This defines a new function "g":
g(x) = (1 - 2x)(RIGHT - LEFT)
If LEFT = 0 and RIGHT = 1 then:
g(LEFT) = (1 - 2*0)(1 - 0) = 1*1 = 1
g(RIGHT) = (1 - 2*1)(1 - 0) = (-1)*1 = -1
If LEFT = 1 and RIGHT = 0 then:
g(LEFT) = (1 - 2*1)(0 - 1) = (-1)*(-1) = 1
g(RIGHT) = (1 - 2*0)(0 - 1) = 1*(-1) = -1
So, as desired, the function "g" maps LEFT to +1 and RIGHT to -1
regardless of which is 0 and which is 1.
Now, if we introduce a new variable called "factor" and assign
it the value "g(dir)", we may update the balances in our rotation
routine without using a conditional statement:
for a rotation in the "dir" direction
------------------------------------------------------------
old_root->bal -= factor * ( 1 + MAX( factor * tree->bal, 0) );
tree->bal += factor * ( 1 + MAX( factor * old_root->bal, 0) );
Using this, the new code for our rotation routine becomes:
#define OTHER_DIR(x) ( 1 - (x) )
typedef short DIRECTION
void rotate (tree, dir)
AVL_TREE tree;
DIRECTION dir;
{
AVL_TREE old_root = tree;
DIRECTION other_dir = OTHER_DIR(dir);
short factor = (RIGHT - LEFT) * (1 - (2 * dir));
/* rotate */
tree = tree->subtree[other_dir];
old_root->subtree[other_dir] = tree->subtree[dir];
tree->subtree[dir] = old_root;
/* update balances */
old_root->bal -= factor * ( 1 + MAX( factor * tree->bal, 0) );
tree->bal += factor * ( 1 + MAX( factor * old_root->bal, 0) );
}/* rotate */
However, although this second version of "rotate" is more compact and
doesn't require the use of a conditional test on the variable "dir",
It may actually run slower than our first version of "rotate" because
the time required to make the "test" may well be less than the time
required to perform the additional multiplications and subtractions.

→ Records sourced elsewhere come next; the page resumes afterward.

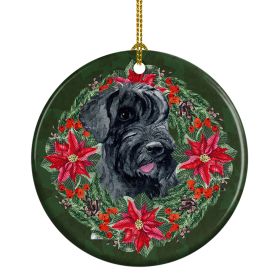 Giant Schnauzer Poinsetta Wreath Ceramic Ornament Christmas Tree Hanging Decorations for Home Christmas HolidayParty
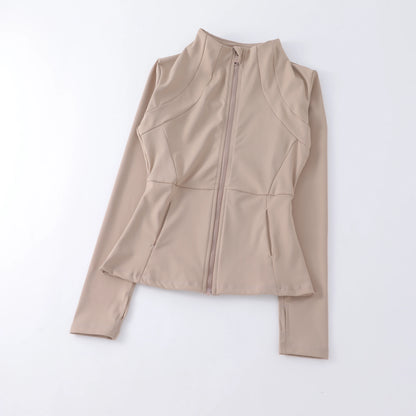 Chaqueta de cuello redondo de alta elasticidad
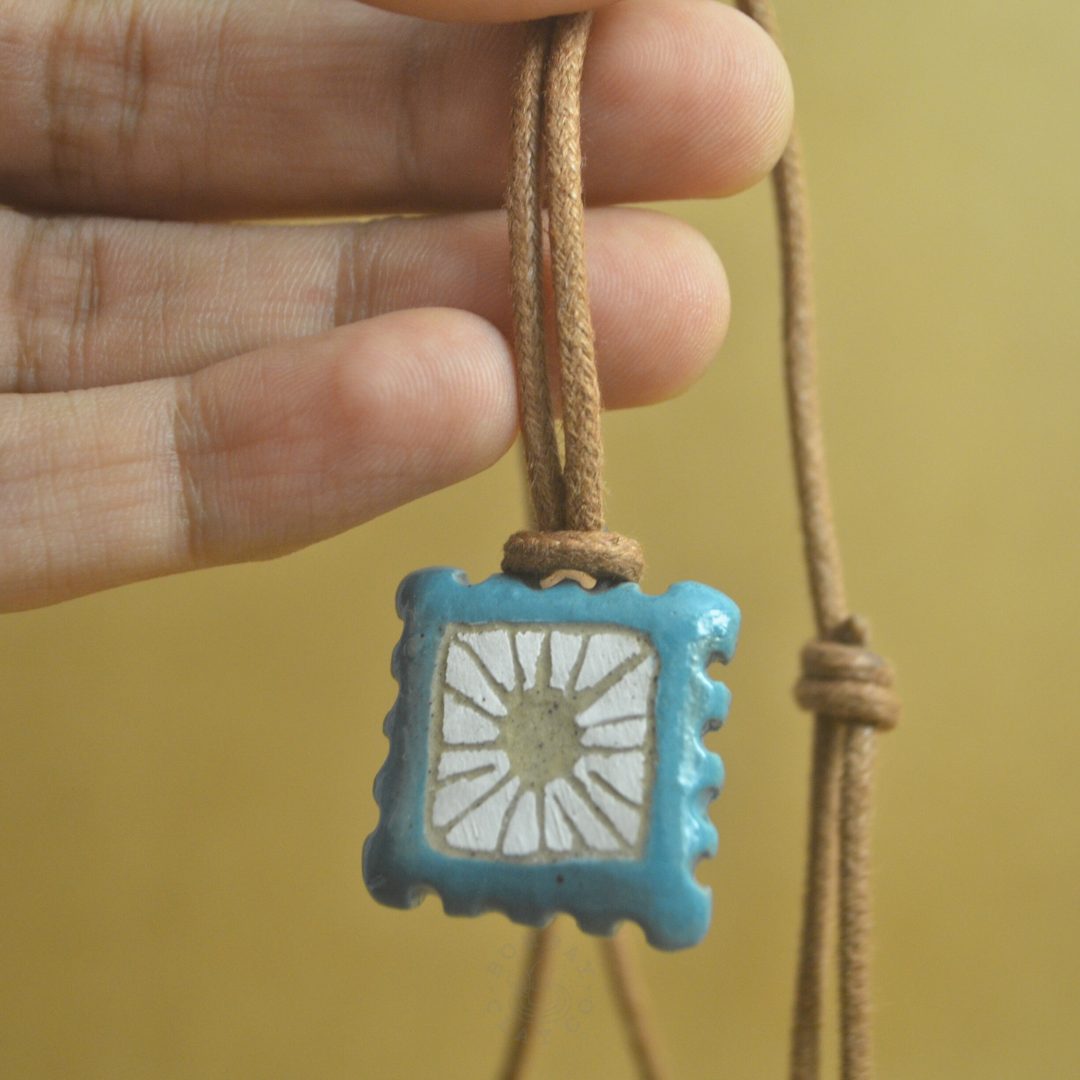 Necklace | Lines & Dots (Sun) | Blue |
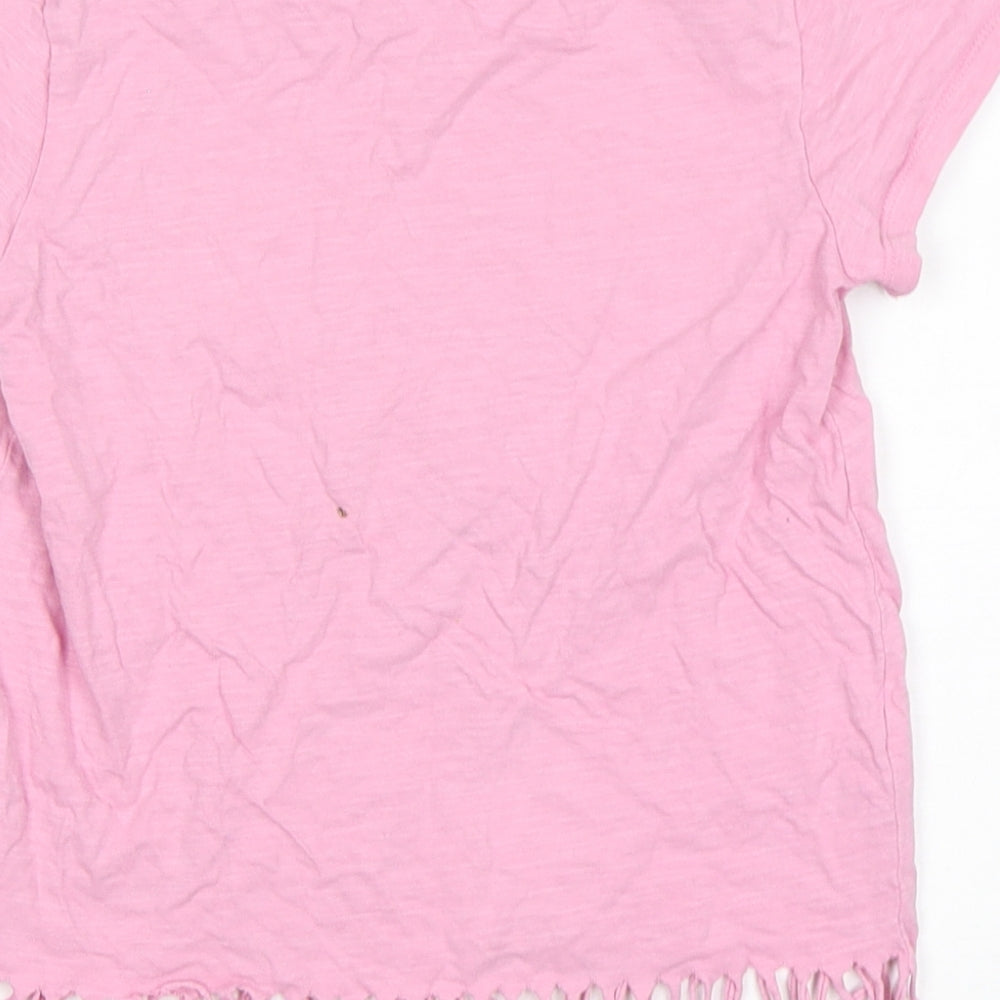 NEXT Girls Pink  Cotton Basic T-Shirt Size 9 Years Round Neck Pullover - Los Angeles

Now a double rotation can be implemented as a series of single rotations:
/*
* rotate_twice() -- rotate a given node in the given direction
* and then in the opposite direction
* to restore the balance of a tree
*/
void rotate_twice( rootp, dir )
AVLtree *rootp;
DIRECTION dir;
{
DIRECTION other_dir = OPPOSITE( dir );
rotate_once( &( (*rootp) -> subtree[ other_dir ] ), other_dir );
rotate_once( rootp, dir );
}/* rotate_twice */
ANOTHER METHOD FOR CALCULATING BALANCES AFTER ROTATION:
=======================================================
One may use a different method than the one described above which
is perhaps simpler. Note however that the method for updating balances
described above works regardless of what numbers the balance factor
may contain (as long as they are correct -- it works, no matter how
imbalanced). If we take into account some of conditions that cause
a rotation, we have more information to work with (such that the
node to be rotated has a balance of +2 or -2 etc..)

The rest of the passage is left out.